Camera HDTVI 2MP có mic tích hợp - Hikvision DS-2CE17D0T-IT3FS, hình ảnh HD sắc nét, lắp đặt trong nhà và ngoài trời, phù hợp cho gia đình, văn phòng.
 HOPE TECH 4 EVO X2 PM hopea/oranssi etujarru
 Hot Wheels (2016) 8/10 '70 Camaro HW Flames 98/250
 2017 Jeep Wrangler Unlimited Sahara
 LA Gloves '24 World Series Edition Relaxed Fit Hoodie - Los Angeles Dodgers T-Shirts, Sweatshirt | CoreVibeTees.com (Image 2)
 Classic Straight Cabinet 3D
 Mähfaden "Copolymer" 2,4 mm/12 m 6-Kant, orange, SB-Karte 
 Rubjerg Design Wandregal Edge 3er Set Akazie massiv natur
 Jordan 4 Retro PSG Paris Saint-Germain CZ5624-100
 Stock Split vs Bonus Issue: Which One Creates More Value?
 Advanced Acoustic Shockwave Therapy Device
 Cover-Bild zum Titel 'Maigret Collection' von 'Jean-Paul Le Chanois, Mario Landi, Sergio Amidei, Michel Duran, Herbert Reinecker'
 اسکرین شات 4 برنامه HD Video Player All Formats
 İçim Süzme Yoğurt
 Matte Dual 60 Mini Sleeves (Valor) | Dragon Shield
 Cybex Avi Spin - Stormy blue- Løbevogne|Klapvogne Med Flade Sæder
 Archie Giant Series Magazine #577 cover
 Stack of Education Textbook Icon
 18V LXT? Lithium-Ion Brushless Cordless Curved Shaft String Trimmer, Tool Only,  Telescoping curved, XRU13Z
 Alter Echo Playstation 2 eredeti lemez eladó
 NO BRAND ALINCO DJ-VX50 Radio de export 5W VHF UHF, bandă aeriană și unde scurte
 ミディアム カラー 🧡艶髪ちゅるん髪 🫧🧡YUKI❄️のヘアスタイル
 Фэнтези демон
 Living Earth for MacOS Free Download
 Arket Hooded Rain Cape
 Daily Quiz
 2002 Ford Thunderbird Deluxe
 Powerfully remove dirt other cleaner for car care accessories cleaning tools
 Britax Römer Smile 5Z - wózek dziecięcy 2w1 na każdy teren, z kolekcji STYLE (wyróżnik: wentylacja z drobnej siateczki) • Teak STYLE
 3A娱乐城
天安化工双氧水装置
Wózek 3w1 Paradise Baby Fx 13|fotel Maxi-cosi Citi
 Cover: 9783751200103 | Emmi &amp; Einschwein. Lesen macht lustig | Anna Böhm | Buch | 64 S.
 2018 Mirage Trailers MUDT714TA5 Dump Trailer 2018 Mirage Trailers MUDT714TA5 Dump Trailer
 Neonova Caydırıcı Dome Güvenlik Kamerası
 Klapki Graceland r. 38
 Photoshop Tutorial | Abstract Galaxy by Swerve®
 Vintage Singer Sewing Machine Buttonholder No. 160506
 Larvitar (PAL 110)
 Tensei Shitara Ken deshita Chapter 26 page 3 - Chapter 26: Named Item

+++

> [What you will do]:
From the line with "Hot Wheels (2016)" to the final line of the listing, write out each line unchanged. Add nothing.

> [The completed task]:
 Hot Wheels (2016) 8/10 '70 Camaro HW Flames 98/250
 2017 Jeep Wrangler Unlimited Sahara
 LA Gloves '24 World Series Edition Relaxed Fit Hoodie - Los Angeles Dodgers T-Shirts, Sweatshirt | CoreVibeTees.com (Image 2)
 Classic Straight Cabinet 3D
 Mähfaden "Copolymer" 2,4 mm/12 m 6-Kant, orange, SB-Karte 
 Rubjerg Design Wandregal Edge 3er Set Akazie massiv natur
 Jordan 4 Retro PSG Paris Saint-Germain CZ5624-100
 Stock Split vs Bonus Issue: Which One Creates More Value?
 Advanced Acoustic Shockwave Therapy Device
 Cover-Bild zum Titel 'Maigret Collection' von 'Jean-Paul Le Chanois, Mario Landi, Sergio Amidei, Michel Duran, Herbert Reinecker'
 اسکرین شات 4 برنامه HD Video Player All Formats
 İçim Süzme Yoğurt
 Matte Dual 60 Mini Sleeves (Valor) | Dragon Shield
 Cybex Avi Spin - Stormy blue- Løbevogne|Klapvogne Med Flade Sæder
 Archie Giant Series Magazine #577 cover
 Stack of Education Textbook Icon
 18V LXT? Lithium-Ion Brushless Cordless Curved Shaft String Trimmer, Tool Only,  Telescoping curved, XRU13Z
 Alter Echo Playstation 2 eredeti lemez eladó
 NO BRAND ALINCO DJ-VX50 Radio de export 5W VHF UHF, bandă aeriană și unde scurte
 ミディアム カラー 🧡艶髪ちゅるん髪 🫧🧡YUKI❄️のヘアスタイル
 Фэнтези демон
 Living Earth for MacOS Free Download
 Arket Hooded Rain Cape
 Daily Quiz
 2002 Ford Thunderbird Deluxe
 Powerfully remove dirt other cleaner for car care accessories cleaning tools
 Britax Römer Smile 5Z - wózek dziecięcy 2w1 na każdy teren, z kolekcji STYLE (wyróżnik: wentylacja z drobnej siateczki) • Teak STYLE
 3A娱乐城
天安化工双氧水装置
Wózek 3w1 Paradise Baby Fx 13|fotel Maxi-cosi Citi
 Cover: 9783751200103 | Emmi &amp; Einschwein. Lesen macht lustig | Anna Böhm | Buch | 64 S.
 2018 Mirage Trailers MUDT714TA5 Dump Trailer 2018 Mirage Trailers MUDT714TA5 Dump Trailer
 Neonova Caydırıcı Dome Güvenlik Kamerası
 Klapki Graceland r. 38
 Photoshop Tutorial | Abstract Galaxy by Swerve®
 Vintage Singer Sewing Machine Buttonholder No. 160506
 Larvitar (PAL 110)
 Tensei Shitara Ken deshita Chapter 26 page 3 - Chapter 26: Named Item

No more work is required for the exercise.